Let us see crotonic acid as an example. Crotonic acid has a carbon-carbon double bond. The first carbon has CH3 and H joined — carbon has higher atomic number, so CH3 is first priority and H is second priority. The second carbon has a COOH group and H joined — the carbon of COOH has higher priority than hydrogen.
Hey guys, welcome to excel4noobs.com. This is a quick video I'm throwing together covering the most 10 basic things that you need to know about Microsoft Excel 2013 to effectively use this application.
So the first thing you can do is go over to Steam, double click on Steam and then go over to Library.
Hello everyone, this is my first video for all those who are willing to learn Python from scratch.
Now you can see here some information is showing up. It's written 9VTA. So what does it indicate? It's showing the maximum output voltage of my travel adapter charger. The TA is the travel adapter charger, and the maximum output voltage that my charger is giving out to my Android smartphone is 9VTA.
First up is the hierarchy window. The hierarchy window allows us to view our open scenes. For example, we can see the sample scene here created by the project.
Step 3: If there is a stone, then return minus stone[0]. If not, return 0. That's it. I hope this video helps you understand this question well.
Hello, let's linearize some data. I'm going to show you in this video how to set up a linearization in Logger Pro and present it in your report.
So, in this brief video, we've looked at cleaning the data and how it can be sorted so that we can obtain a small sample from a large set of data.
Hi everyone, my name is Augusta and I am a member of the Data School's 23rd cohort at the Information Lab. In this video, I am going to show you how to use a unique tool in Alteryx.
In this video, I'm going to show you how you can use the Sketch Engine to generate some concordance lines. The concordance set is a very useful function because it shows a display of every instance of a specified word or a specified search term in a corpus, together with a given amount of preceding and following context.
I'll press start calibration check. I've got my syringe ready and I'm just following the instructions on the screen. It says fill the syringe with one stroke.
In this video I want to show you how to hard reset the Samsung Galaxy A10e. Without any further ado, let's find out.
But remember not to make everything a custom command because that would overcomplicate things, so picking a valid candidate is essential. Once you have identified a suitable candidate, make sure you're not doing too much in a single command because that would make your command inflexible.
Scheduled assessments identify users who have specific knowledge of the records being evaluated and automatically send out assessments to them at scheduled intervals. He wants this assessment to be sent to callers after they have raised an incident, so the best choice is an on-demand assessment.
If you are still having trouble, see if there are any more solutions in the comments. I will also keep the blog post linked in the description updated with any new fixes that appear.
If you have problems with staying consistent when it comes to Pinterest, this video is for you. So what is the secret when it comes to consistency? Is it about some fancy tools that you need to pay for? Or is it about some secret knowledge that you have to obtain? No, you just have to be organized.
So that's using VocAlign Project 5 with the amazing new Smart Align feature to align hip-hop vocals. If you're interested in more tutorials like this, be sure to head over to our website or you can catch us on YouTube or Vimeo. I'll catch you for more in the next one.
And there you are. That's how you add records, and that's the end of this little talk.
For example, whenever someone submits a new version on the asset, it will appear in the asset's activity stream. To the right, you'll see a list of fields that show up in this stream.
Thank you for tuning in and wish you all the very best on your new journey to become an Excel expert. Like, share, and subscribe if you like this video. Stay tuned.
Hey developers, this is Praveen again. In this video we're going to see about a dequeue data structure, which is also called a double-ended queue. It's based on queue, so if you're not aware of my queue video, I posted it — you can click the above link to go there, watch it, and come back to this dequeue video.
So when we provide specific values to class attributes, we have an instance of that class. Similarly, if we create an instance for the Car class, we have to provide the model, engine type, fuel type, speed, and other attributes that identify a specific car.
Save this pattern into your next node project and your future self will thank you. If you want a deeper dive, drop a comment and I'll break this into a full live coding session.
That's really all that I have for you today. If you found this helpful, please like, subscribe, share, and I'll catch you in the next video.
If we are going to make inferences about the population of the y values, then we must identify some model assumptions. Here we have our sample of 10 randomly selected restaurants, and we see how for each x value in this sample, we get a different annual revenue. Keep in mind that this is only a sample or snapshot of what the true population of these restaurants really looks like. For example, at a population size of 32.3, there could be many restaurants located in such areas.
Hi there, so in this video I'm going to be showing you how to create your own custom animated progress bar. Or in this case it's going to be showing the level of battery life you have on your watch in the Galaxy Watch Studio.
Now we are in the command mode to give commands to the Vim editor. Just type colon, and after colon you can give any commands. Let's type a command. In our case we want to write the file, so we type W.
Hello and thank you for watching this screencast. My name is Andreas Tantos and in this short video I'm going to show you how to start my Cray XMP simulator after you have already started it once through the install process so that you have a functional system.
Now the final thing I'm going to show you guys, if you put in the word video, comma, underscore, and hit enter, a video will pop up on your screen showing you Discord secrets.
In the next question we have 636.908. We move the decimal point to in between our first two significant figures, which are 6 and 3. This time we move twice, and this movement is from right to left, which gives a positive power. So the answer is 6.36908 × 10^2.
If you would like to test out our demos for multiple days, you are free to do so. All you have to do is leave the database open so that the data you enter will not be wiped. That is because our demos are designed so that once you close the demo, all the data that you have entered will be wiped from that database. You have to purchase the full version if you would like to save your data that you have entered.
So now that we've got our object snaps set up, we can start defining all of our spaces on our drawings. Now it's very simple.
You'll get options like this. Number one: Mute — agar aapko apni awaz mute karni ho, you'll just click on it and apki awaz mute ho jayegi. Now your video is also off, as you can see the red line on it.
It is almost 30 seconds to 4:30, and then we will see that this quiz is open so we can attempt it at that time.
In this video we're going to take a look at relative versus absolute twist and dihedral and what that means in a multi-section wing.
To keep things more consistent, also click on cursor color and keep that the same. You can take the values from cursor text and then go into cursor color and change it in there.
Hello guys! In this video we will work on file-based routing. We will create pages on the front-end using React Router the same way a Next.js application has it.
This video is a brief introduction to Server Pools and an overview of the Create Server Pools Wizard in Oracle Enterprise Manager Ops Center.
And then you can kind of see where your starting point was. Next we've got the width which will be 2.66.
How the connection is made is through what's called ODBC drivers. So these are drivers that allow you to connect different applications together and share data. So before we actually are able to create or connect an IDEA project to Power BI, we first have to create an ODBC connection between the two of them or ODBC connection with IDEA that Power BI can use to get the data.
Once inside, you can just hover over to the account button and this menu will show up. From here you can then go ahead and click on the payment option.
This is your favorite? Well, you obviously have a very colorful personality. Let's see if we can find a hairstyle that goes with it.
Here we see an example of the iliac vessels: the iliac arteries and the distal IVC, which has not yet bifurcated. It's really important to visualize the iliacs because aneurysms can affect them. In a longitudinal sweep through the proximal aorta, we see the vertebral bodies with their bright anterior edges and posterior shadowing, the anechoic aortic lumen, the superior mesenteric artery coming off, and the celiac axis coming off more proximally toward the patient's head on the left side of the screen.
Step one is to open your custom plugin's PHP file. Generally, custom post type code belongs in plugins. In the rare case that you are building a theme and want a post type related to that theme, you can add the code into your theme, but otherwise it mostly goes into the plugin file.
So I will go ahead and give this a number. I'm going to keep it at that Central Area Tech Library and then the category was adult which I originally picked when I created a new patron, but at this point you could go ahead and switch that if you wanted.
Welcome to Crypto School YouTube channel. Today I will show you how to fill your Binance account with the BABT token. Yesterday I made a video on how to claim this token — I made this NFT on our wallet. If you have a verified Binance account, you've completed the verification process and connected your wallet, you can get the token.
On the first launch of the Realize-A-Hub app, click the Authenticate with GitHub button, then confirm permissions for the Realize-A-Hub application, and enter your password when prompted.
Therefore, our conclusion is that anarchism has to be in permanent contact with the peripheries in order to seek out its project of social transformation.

☆ ☆ ☆ ☆ ☆ ☆ ☆

### Exercise requirements
Print, from the entries above, the line with "This video is a", the line with "And then you" and all lines between them, exactly and with nothing else.

### The completed task
This video is a brief introduction to Server Pools and an overview of the Create Server Pools Wizard in Oracle Enterprise Manager Ops Center.
And then you can kind of see where your starting point was. Next we've got the width which will be 2.66.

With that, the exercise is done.